Pero de todas formas era la Santa Iglesia de Dios la que lo juzgaría. Y entre los hombres de Dios se consideraban los pensamientos e intenciones detrás de un crimen de otro modo que entre los godo—occidentales.

Por más vueltas que le daba a esta cuestión, siempre terminaba en cómo decidiría el padre Henri. Puesto que era obvio que no sería juzgado por un concilio; resoplaba al pensar en lo fácil que sería para él defenderse con una espada o con un número incalculable de hombres jurados folkungianos.

Sería juzgado por la Santa Iglesia de Dios y entonces, como mínimo, habría buen juicio y posibilidad de sopesar lo bueno y lo malo.
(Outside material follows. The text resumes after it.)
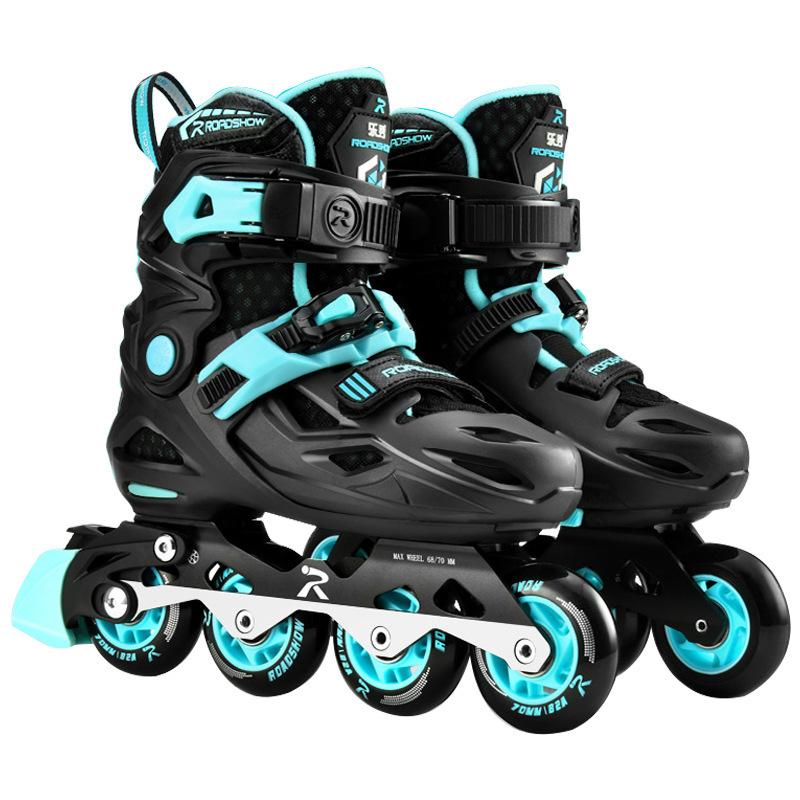 Lexiu RX1G Roller Skating Shoes for Beginner Children's Professional Adjustable Skating Shoes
Así se tambaleaba entre la esperanza y la desesperación.

Su esperanza creció aún más cuando un hermano fue a buscarlo para una entrevista con el arzobispo Stéphan. Arn no tenía ni idea de que el arzobispo se encontrase en Varnhem y primero pensó que tal vez eso tenía que ver con su asunto, ya que el arzobispo siempre había dicho que Arn siempre tendría un amigo allá afuera en el otro mundo que lo ayudaría, y ése no era otro que el mismísimo arzobispo. Repleto de nueva esperanza, Arn se apresuró hasta el claustro, donde encontró al padre Henri en el lugar habitual, y para su alegría, también al arzobispo Stéphan. Se arrodilló inmediatamente y besó la mano de Stéphan y no se sentó hasta que lo invitaron a hacerlo.

Lo que vio en los ojos del arzobispo, sin embargo, cuando éste lo contempló un rato en silencio, no era cariño. Por la mirada, Arn sintió cómo su cálida esperanza se enfriaba rápidamente.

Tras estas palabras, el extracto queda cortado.